Australia is well placed to service the increasing regional and domestic demand for Shariah funds (also known as Islamic funds). However despite increasing demand, understanding of Shariah funds remains relatively low in the Australian financial services industry.

Shariah funds, products and finance are not confined to people of Islamic faith and provide an alternative to conventional investment and financing arrangements.

This article examines the key features of Shariah funds, and outlines the current opportunities and challenges for Australian financial institutions and fund managers looking to establish or provide services to these funds.

Key features of a Shariah fund

Shariah funds are investment funds that are established and managed according to the principles of Shariah (Islamic Law).

Shariah funds can be broadly compared to ethical or socially responsible funds in that they rely on certain guiding principles that dictate the form of their investment structure and that inform their investment objectives and strategies. In the case of Shariah funds, these guiding principles are the tenets of Shariah, which do not allow investment in entities or products that involve:

  • interest paying financial arrangements (eg. a prohibition on investment in non-Islamic banks and certain financial institutions);
  • speculation, betting and preventable uncertainty (eg. a prohibition on the use of certain derivatives and insurance contracts); or
  • banned activity (eg. a prohibition on investments associated with gaming, armaments, pork, alcohol, tobacco or pornography).


To ensure compliance with Shariah, a Shariah fund would most commonly engage a board of scholars known as a "Shariah Board" to advise the fund on the appropriate form of investment and governance structure as well as approve the fund's investment objectives and strategy.

Similar to the experience in the ethical investment funds industry, it is possible that different Shariah Boards may hold different opinions regarding the interpretation and practical application of Shariah. In addition, it is not uncommon for individual members of a Shariah Board to have different points of view on investment matters and this is an ongoing practical consideration for fund managers. As a result, there are both subtle and material differences in the structure and investment philosophy of different Shariah funds around the globe.

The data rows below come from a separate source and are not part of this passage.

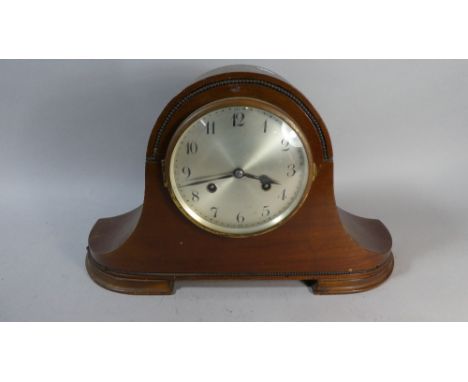 An Edwardian Mahogany Clock with Junghans Wurttemberg  Movement, 44cm Wide 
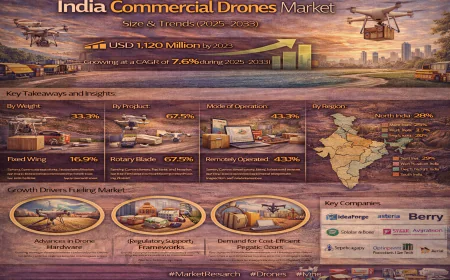 India Commercial Drones Market Trends, Size, Share, Growth and Forecast 2025–2033 | Get Free Sample Report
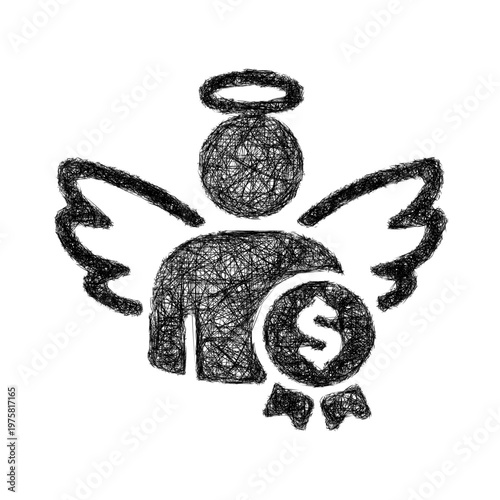 Sketch angel investor icon design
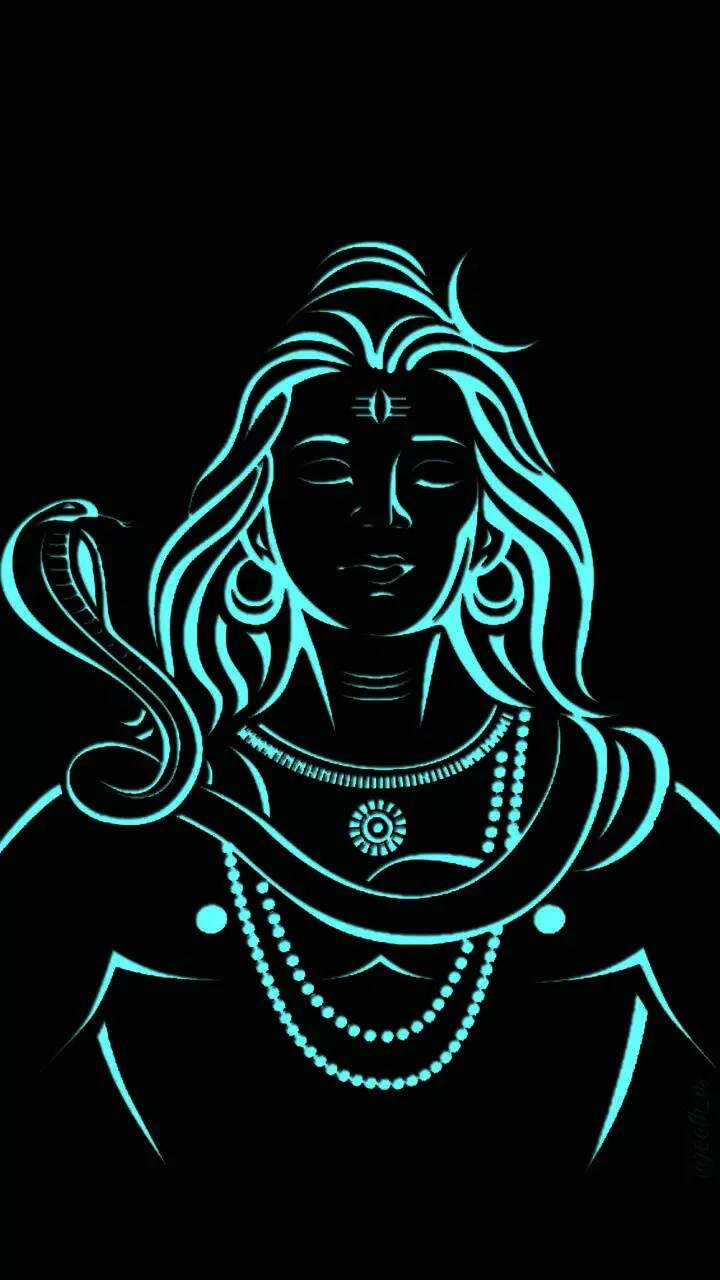 Blou Mahadev Rudra Avatar Omtrek Muurpapier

One particular aspect unique to Shariah funds and which is not seen in the ethical investment funds arena is the process of "purification". It will often be difficult for fund managers to ensure that a Shariah fund is entirely Shariah-compliant. Where a Shariah fund is unable to comply with a particular aspect of the Shariah Board's advice, or where income or profits of the fund are unavoidably obtained from sources that are not Shariah-compliant, Shariah funds can take advantage of "purification" whereby the tainted profits or income are given to an approved charity. It is usual practice for a Shariah fund's "purification ratio" (that is the ratio of untainted income to income requiring purification) to be assessed on a regular basis and for the fund to set "purification ratio" targets (usually around 20:1).

"Shariah windows": an intermediary step

In addition to establishing Shariah funds, Australian financial institutions are able to participate in Shariah finance through targeted investment in Shariah-compliant investments or projects known as "Shariah windows".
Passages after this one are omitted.